Provided data:
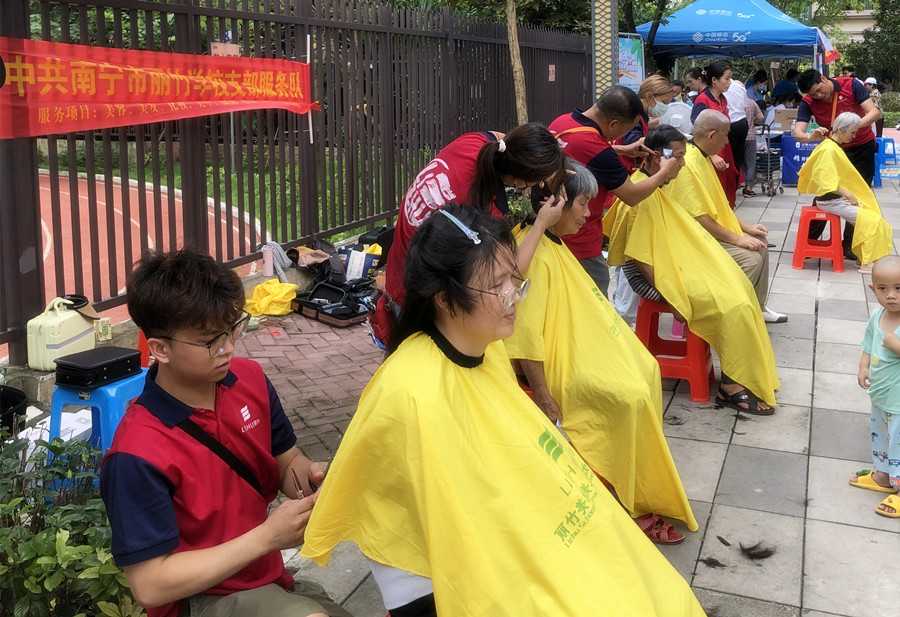 南寧培訓(xùn)美發(fā)社會(huì)實(shí)踐，為公園溪府小區(qū)居民免費(fèi)理發(fā)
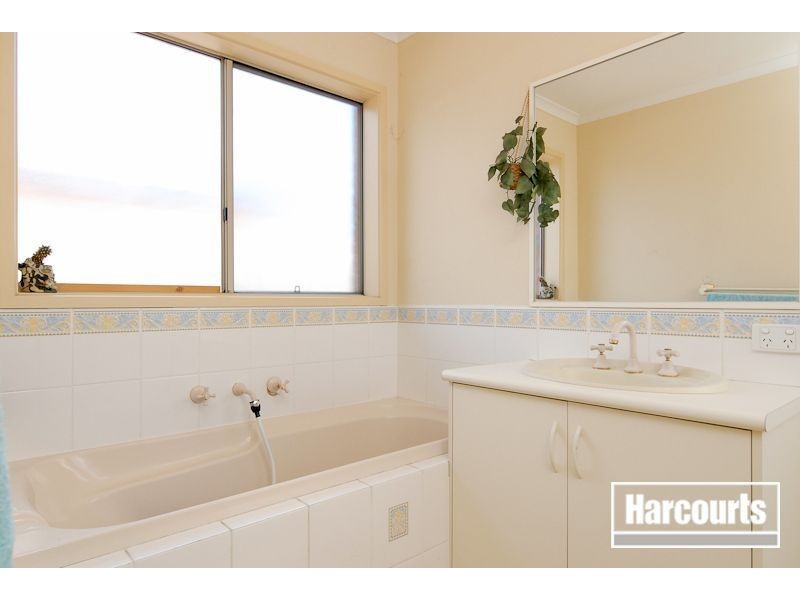 13 Grove Court, Carrum Downs VIC 3201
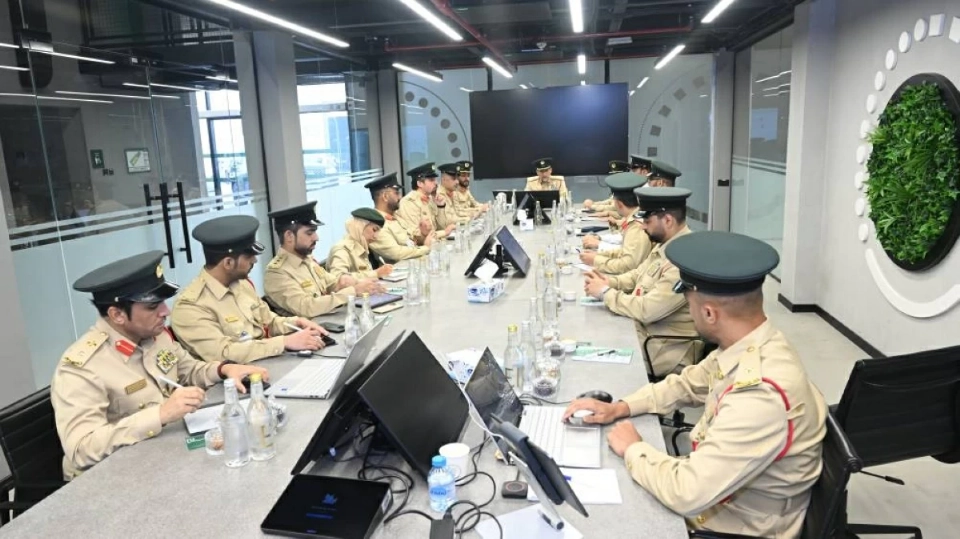 عبدالله المري يتفقد الإدارة العامة للشؤون الإدارية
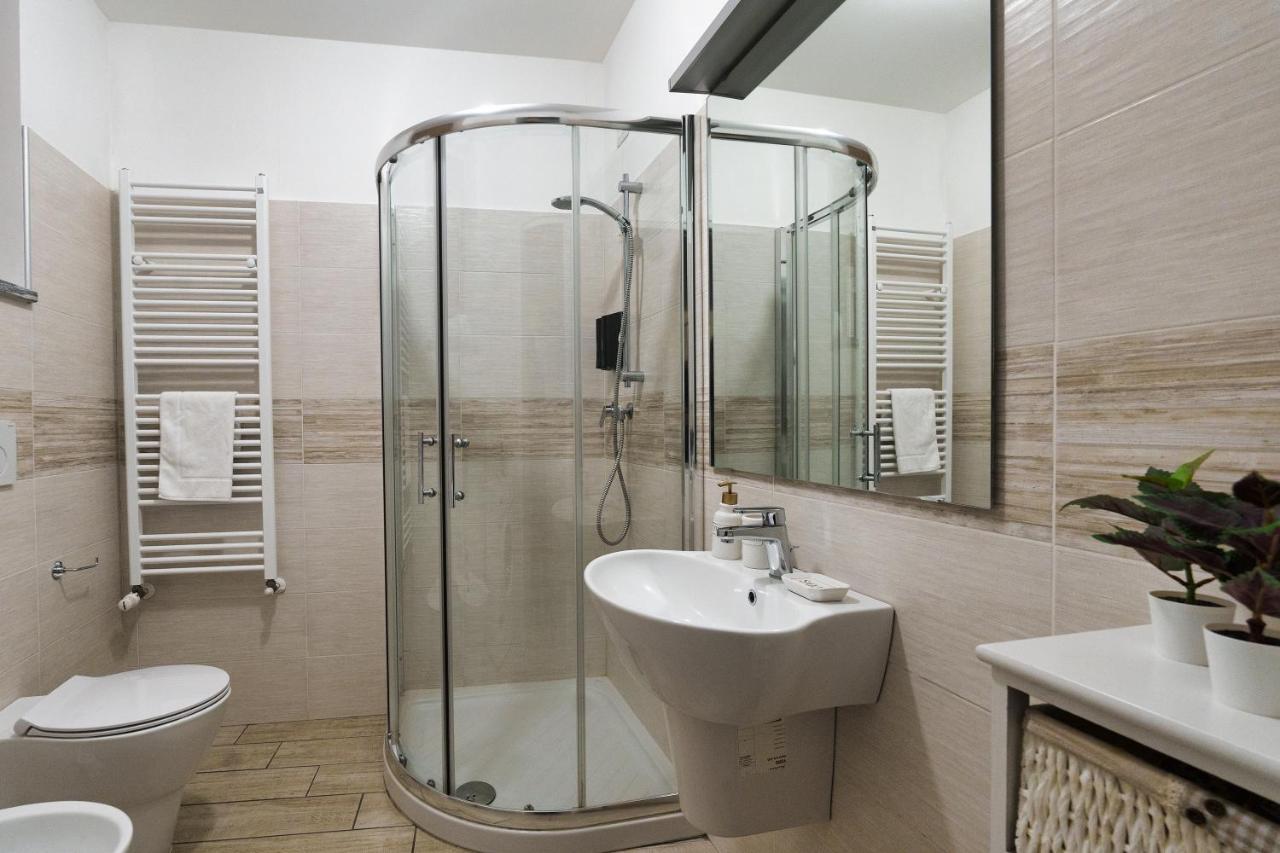 Ambrogio'S Nest - Modern Close To Cadorna Station Milano Ngoại thất bức ảnh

What to work on: When you repeat the material, keep every word exact and drop the pictures.

Solution to this problem:
 南寧培訓(xùn)美發(fā)社會(huì)實(shí)踐，為公園溪府小區(qū)居民免費(fèi)理發(fā)
 13 Grove Court, Carrum Downs VIC 3201
 عبدالله المري يتفقد الإدارة العامة للشؤون الإدارية
 Ambrogio'S Nest - Modern Close To Cadorna Station Milano Ngoại thất bức ảnh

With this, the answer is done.